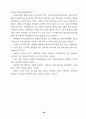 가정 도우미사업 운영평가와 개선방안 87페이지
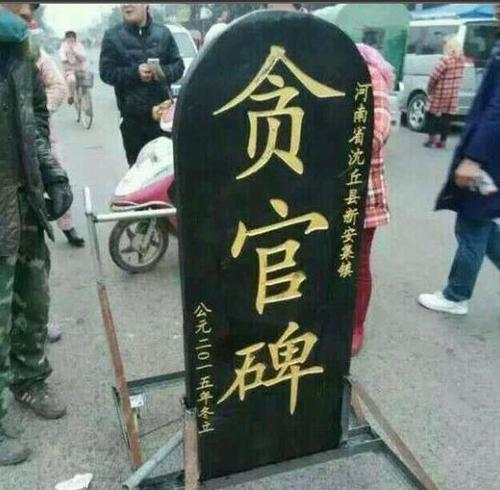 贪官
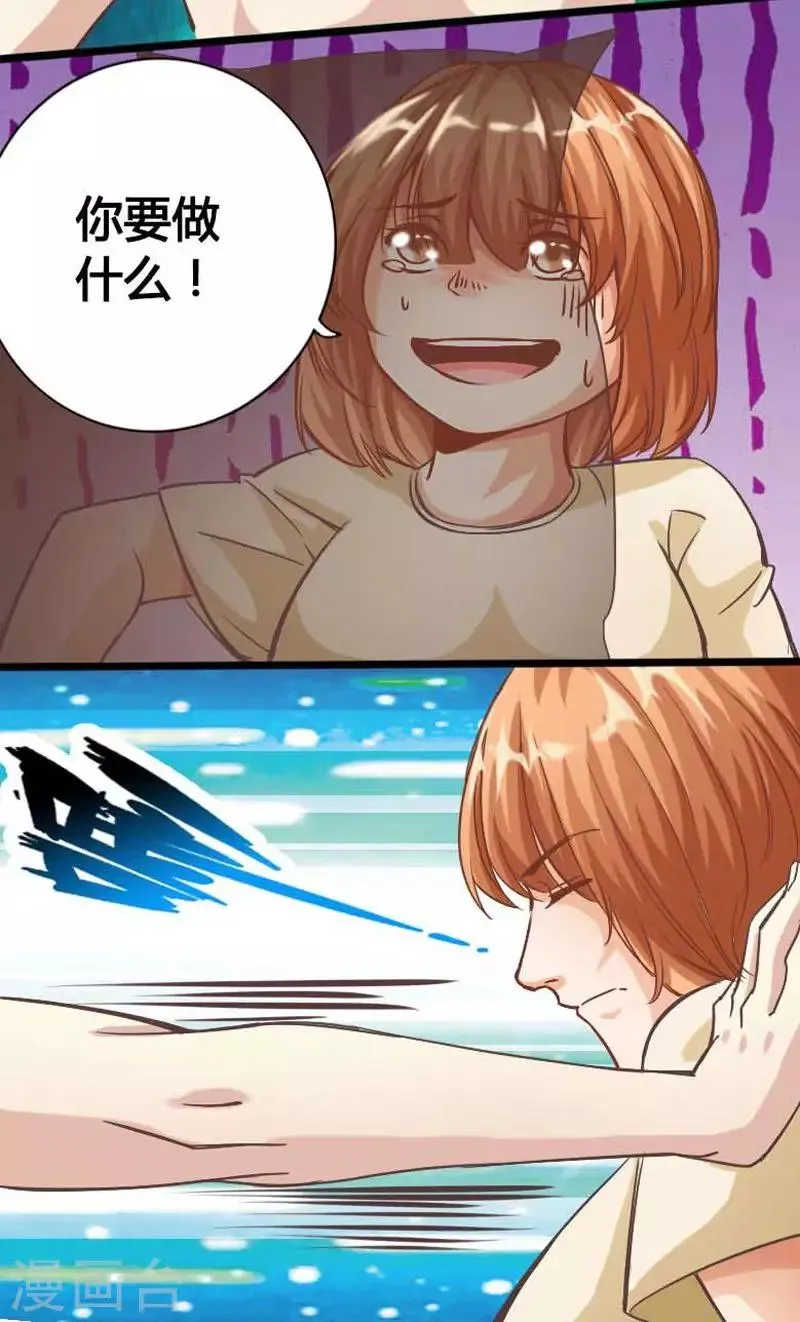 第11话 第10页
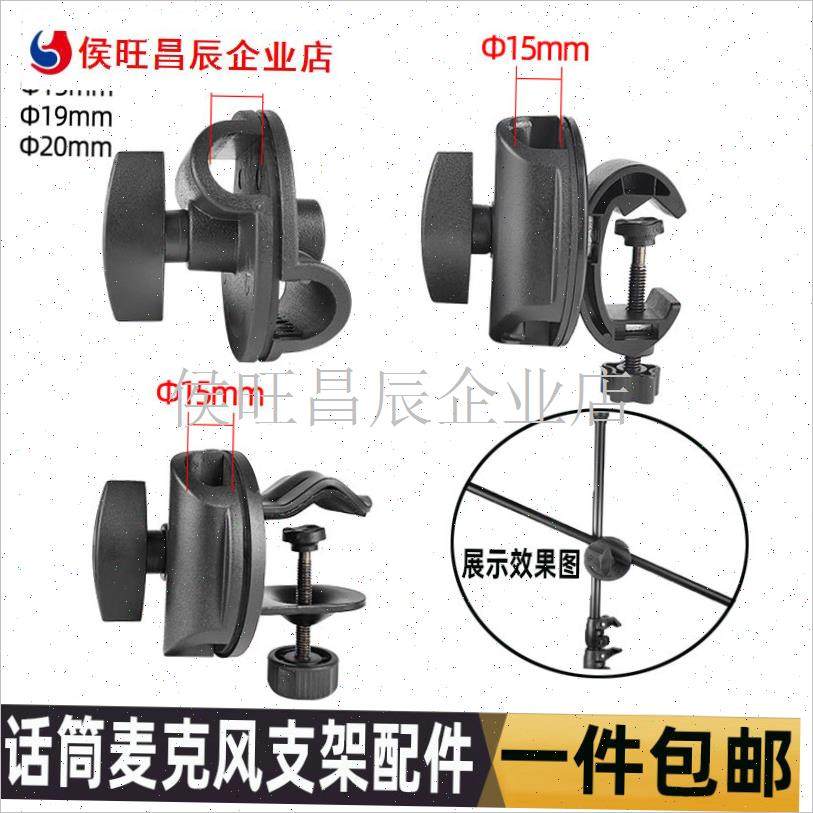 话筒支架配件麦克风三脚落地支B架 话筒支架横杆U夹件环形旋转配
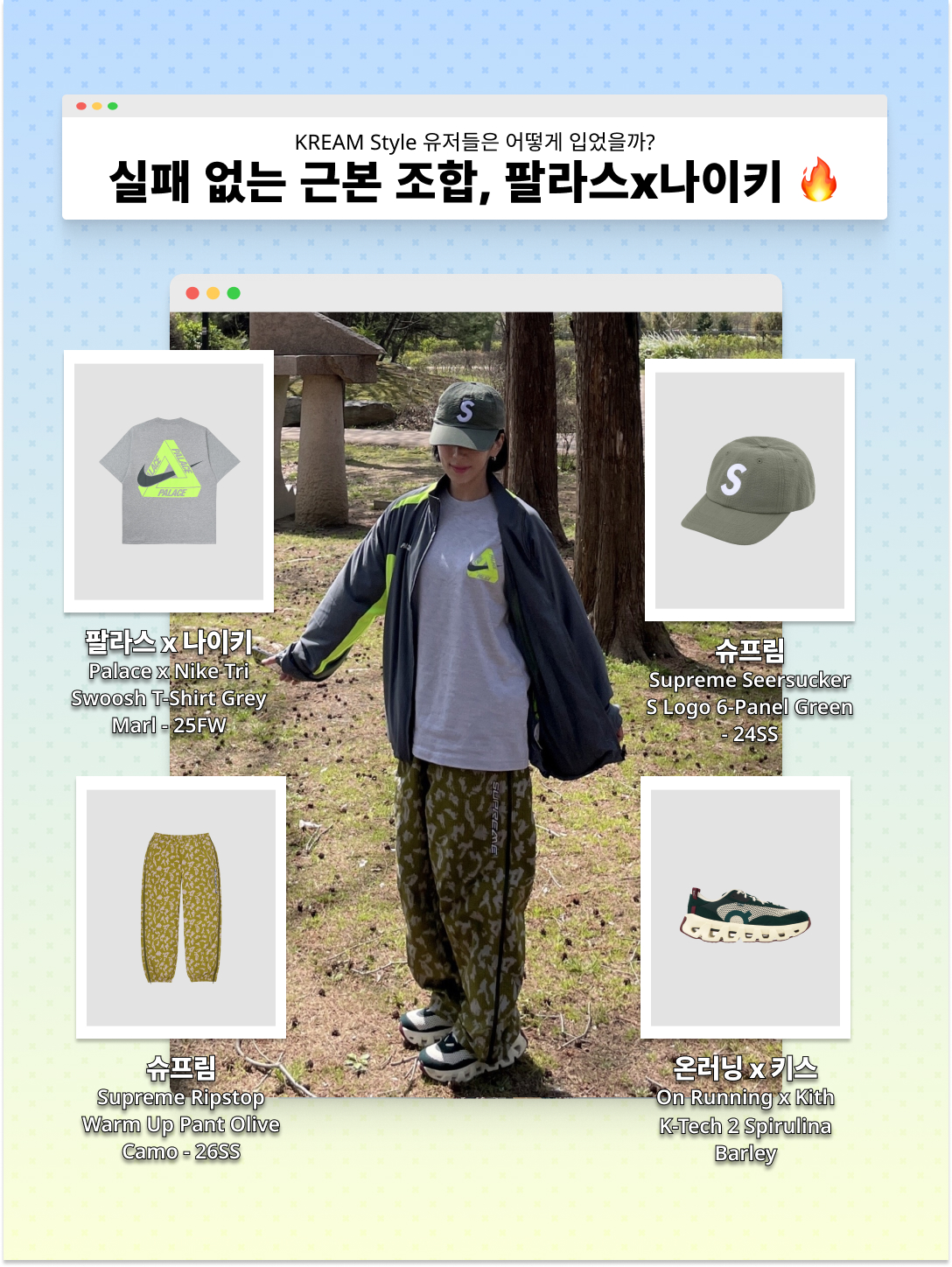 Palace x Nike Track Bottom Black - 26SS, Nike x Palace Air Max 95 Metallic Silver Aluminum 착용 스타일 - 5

### Task instructions
The records, exactly as written but without images, should be returned.

### Result of this exercise
 가정 도우미사업 운영평가와 개선방안 87페이지
 贪官
 第11话 第10页
 话筒支架配件麦克风三脚落地支B架 话筒支架横杆U夹件环形旋转配
 Palace x Nike Track Bottom Black - 26SS, Nike x Palace Air Max 95 Metallic Silver Aluminum 착용 스타일 - 5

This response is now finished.